Compared with static PET scans, dynamic PET kinetic analysis reveals the tracer kinetics and has a temporal dimension. In CNN, multi-frame sinograms were fed into a network and the temporal information was convoluted in channel dimension. To account for the characteristics of parametric reconstruction, we replaced the deep convolution layer in the transformation part of DeepPET with two parallel self-attention modules: spatial and channel attention. The results reveal that only using 2D convolution operations would miss the global information of features and lead to insufficient performance on detail structure in the final predicted Ki images. Moreover, in this work, we only targeted the Patlak graphical plot, which is mainly used in an irreversible or nearly irreversible radiotracer, e.g., 18F-FDG. As for the other tracers like gallium-68 (68 Ga)-labeled prostate-specific membrane antigen (68 Ga-PSMA) or the non-linear compartment model, there is also an important issue for further research. Meanwhile, because of the limited dataset at present, we introduced a domain transformation module to constrain the network training process. Despite its simplicity, noise propagates from emission images to final estimated Ki images. With this consideration, a more diverse and extensive simulation or real datasets are required that would make CNN sufficiently represent the possible features of the input domain. Additionally, due to the limitation of current academic computational resources, the proposed networks only tackle the 2-D parametric reconstruction ignoring the spatial information and leading to inconsecutive predicted results across slices [59]. Nevertheless, with the further increasing of AI computational power, the 3-D network combining with the major parts of this work, such as loss function and attention mechanism, may be feasible in the future for the task of 3-D parametric imaging.
Conclusion
The purpose of this study is to demonstrate the feasibility of CNN-based parametric imaging on a total-body PET scanner, Biograph Vision Quadra. We proposed an encoder–decoder framework with spatial and channel self-attention modules to generate high-quality Patlak Ki images from dynamic data. We only used few frames of data but with adequate quality, which owes to the high sensitivity of scanner. The results show that the CNN-based method can produce high-quality parametric images from few projection data. In all test datasets, the proposed method achieves excellent MSE of less than 0.03%, high SSIM, and PSNR of ~ 0.98 and ~ 38 dB, respectively. Meanwhile, no input function used in the CNN-based method and the dramatic reduction of reconstruction time have much potential to make dynamic PET scan more acceptable clinically.
References
Muehllehner G, Karp JS. Positron emission tomography. Phys Med Biol. 2006;51(13);R117–R137. https://doi.org/10.1088/0031-9155/51/13/R08.

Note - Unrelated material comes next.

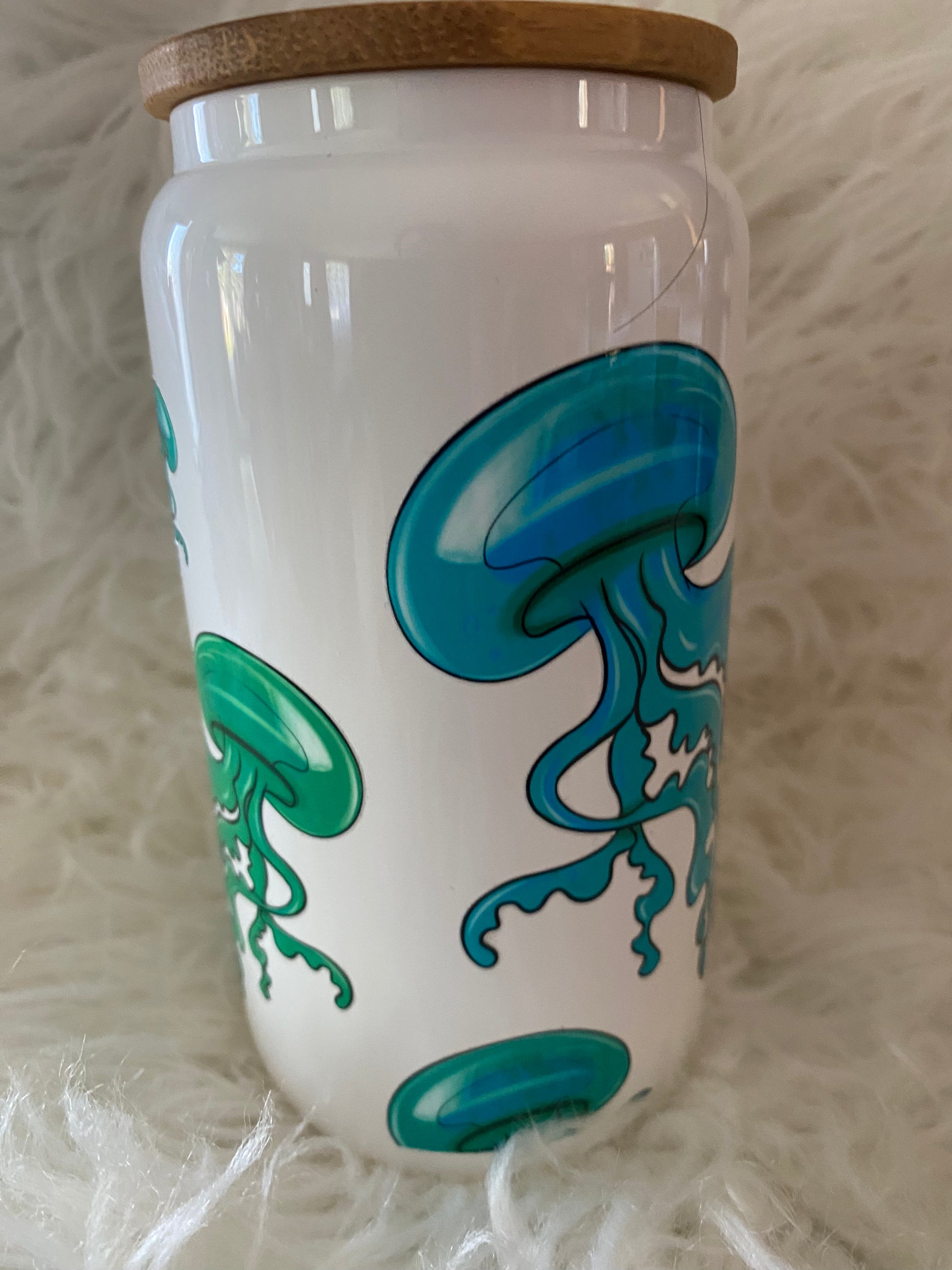 Verres en vitre avec paille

Beyer T, Bidaut L, Dickson J, Kachelriess M, Kiessling F, Leitgeb R, et al. What scans we will read: imaging instrumentation trends in clinical oncology. Cancer Imaging. 2020;20:1–38.
Karakatsanis NA, Lodge MA, Tahari AK, Zhou Y, Wahl RL, Rahmim A. Dynamic whole-body PET parametric imaging: I Concept, acquisition protocol optimization and clinical application. Phys Med Biol. 2013;58:7391–418.
Huang SC. Anatomy of SUV. Nucl Med Biol. 2000;27:643–6.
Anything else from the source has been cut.